Editorial: Marin girls sports landscape a reflection of Title IX success
With girls athletics booming across Marin and a healthy number of tenured, respected women working as high school sports administrators all over the county, it’s hard to remember that it hasn’t always been equitable for female athletes.
History should tell the important story of fairness-based change in bold letters, but sometimes the best way to know a platform is working is to no longer notice it was ever needed at all.
The 2022-23 Marin high school sports campaign recently drew to a close, but the 50th anniversary celebration of the Title IX federal civil rights law included as part of the Educational Amendments of 1972 should continue.

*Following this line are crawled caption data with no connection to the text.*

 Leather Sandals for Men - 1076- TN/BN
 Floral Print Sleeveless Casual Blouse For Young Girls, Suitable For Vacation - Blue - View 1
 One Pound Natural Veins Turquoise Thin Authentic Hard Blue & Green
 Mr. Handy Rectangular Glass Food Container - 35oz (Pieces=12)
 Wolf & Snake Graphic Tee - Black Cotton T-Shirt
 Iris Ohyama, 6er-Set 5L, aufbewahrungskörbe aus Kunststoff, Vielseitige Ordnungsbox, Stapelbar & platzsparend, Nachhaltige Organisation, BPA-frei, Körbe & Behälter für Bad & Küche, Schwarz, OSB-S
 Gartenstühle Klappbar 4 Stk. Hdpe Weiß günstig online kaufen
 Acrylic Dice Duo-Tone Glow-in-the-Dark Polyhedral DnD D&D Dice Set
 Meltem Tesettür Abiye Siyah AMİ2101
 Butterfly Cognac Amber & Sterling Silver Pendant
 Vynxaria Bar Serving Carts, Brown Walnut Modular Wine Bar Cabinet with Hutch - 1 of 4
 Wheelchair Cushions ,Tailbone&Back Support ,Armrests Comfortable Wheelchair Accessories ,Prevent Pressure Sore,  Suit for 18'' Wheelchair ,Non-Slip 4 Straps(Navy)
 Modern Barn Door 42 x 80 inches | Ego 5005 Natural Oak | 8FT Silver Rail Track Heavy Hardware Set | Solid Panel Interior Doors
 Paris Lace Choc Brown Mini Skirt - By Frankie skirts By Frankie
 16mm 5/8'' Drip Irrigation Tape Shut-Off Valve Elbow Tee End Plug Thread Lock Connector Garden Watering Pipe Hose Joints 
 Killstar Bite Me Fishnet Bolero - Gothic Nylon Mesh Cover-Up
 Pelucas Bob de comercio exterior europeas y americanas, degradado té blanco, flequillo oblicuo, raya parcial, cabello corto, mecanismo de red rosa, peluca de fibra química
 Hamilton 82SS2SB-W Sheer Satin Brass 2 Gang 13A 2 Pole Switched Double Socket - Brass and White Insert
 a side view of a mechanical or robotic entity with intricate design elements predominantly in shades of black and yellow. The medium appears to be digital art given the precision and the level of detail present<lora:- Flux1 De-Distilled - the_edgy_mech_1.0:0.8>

The amendment reads that no person “shall, on the basis of sex, be excluded from participation in, be denied the benefits of, or be subjected to discrimination under any education program or activity receiving Federal financial assistance.”
For athletic programs on every school campus it meant striving for equal support and opportunity for female athletes. It initiated earth-shaking change.
According to 2019 data from the Women’s Sports Foundation, more than 3.4 million girls participated in high school sports. That’s more than 11 times more girls than the year before Title IX was enacted.
It’s clear that the law made a difference in the lives of nearly 100 million women competing in high school sports over the last 50 years.
Sports teams and individual athletes representing Marin schools competed in all 14 girls programs offered by the California Interscholastic Federation’s North Coast Section. Programs and variety continue to expand. This fall, girls flag football will be added to the list.
Marin’s numerous and talented female administrators have long been tapped as important decision-makers for the NCS and the CIF.
Marin County Athletic League Commissioner Susie Woodall has more than 23 years in the office. Woodall, who is one of only two female commissioners in the 14-league NCS, is chair of the section’s Sports Advisor Committee. Her work on the CIF state faculty for coaching education led to a seat at the table with the America Sports Education Program.
The MCAL’s 33% rate of female high school ADs puts it far above the 20% average for the rest of the state.
Redwood Athletic Director Jessica Peisch and former Tamalpais High AD Christina Amoroso both have 14 years experience and have accumulated numerous honors in the process. Michelle Brovelli Smith, herself an outstanding athlete at San Rafael in her day, is completing her third year as the Novato High AD following many years of work in the athletic department at The Branson School. These three women alone impacted the lives of thousands of Marin high school athletes.
In college sports, only 14.8% of athletic directors are women. But here in Marin, the lone NCAA athletic program has been led by a woman the last eight years. Amy Henkleman is credited with keeping the Division II athletic program at Dominican University on track as it competes in the Pacific West Conference.
The Women’s Sports Federation urges all of us to continue pushing for equity. According to the group’s 2019 data, girls had approximately 1 million fewer opportunities to play high school sports than boys. Fifteen percent fewer girls than boys participated in high school athletics that year. The numbers for opportunities to participate in college athletics are similar.
Clearly, the work needs to continue. But the changing face of athletics in Marin and across the country deserves to be celebrated.
Careers for women in sports and on women’s teams (including professional sports like basketball, soccer, tennis and golf) are no longer a possibility “sometime in the future.”
It’s happening in Marin and it’s happening thanks to a big boost from work by elected officials and others in 1972.